Он прижал к губам ее руку и все не отпускал.

Поланецкий из деликатности отошел в сторону с мыслью: «Они видятся последний раз. Через какие-нибудь полгода и закон их разлучит».

И его поразила странная схожесть судьбы матери и дочери. Обе как будто удачно вышли замуж, и обеих мужья бросили, обрекая на одиночество и позор.

Раздался третий звонок. Машко поднялся в вагон. В большом окне спального купе показались его бакенбарды, пенсне на золотой цепочке, но поезд уже тронулся и исчез в темноте.

– Я к вашим услугам, – сказал Поланецкий.

Он был почти уверен, что Тереза поблагодарит и откажется. И уже наперед на нее за это рассердился, так как собирался поговорить не только о муже, но и о себе. Но она кивнула в знак согласия. У нее были свои счеты с Поланецким, на которого она затаила горькую обиду, решив теперь хорошенько его проучить, если он опять захочет воспользоваться тем, что они останутся наедине.

Но она глубоко заблуждалась. Поланецкий, чья жизнь чуть не разбилась из-за нее, как лодка об утес, питал к ней острую неприязнь; больше того: какое-то время даже ненависть. После, уразумев собственную вину, перестал ненавидеть – и внутренне настолько переменился, что вообще сделался другим человеком. Прикинув приход-расход, он убедился, что интрижка эта обойдется ему слишком дорого; да и устал он от всякого криводушия, и раскаяние, угрызения совести уничтожили его страсть, как ржавчина – железо. Подсаживая Терезу в пролетку, Поланецкий нечаянно коснулся ее руки, но это его нисколько уже не взволновало, и, сев рядом с ней, он сразу заговорил о Машко, чтобы из простого человеколюбия подготовить ее к надвигающейся катастрофе и тем смягчить удар.
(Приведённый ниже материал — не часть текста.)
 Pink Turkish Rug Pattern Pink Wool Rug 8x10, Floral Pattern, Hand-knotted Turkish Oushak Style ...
– Удивляюсь вашему мужу, его безрассудной смелости, – сказал он. – Достаточно ведь обрушиться какому-нибудь железнодорожному мосту, пока он в Берлине, и ему уже не поспеть к слушанию дела, от успеха которого зависит, как вы, наверно, знаете, вся его дальнейшая судьба. Уехать его заставили, без сомнения, веские причины, но это все-таки рискованный шаг.

– Надеюсь, мост не обрушится, – ответила она.
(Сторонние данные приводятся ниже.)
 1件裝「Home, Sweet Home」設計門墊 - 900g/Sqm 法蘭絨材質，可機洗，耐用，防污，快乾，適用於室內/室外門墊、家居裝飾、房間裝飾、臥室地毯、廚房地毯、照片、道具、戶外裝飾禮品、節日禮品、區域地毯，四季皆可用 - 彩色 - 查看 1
Не обращая внимания на этот не слишком любезный тон, он продолжал, однако, толковать свое, понемногу приоткрывая перед ней завесу над будущим, и не заметил даже, как они подъехали к ее дому. Не понимавшая, куда он клонит, а может быть, раздосадованная, что сразу же не поставила его на место, Тереза спросила, выйдя из пролетки:

– Вы, кажется, нарочно задались целью напугать меня?

– Нет, – возразил Поланецкий, решив, что настал момент самому с ней объясниться. – У меня в отношении вас одна только цель: признать, что я вел себя недостойно, и от всего сердца попросить прощения.

Не сказав ни слова, молодая женщина скрылась в подъезде. И Поланецкий так никогда и не узнал, что крылось за этим молчанием: злоба или прощение.

Однако на душе от сознания исполненного долга стало легче. Для него это был акт покаяния, а как к нему отнеслась Тереза, было ему безразлично. «Может, она подумала, что я прошу прощения за то, как вел себя потом, – сказал он себе. – Но так или иначе, я могу теперь прямо смотреть ей в глаза».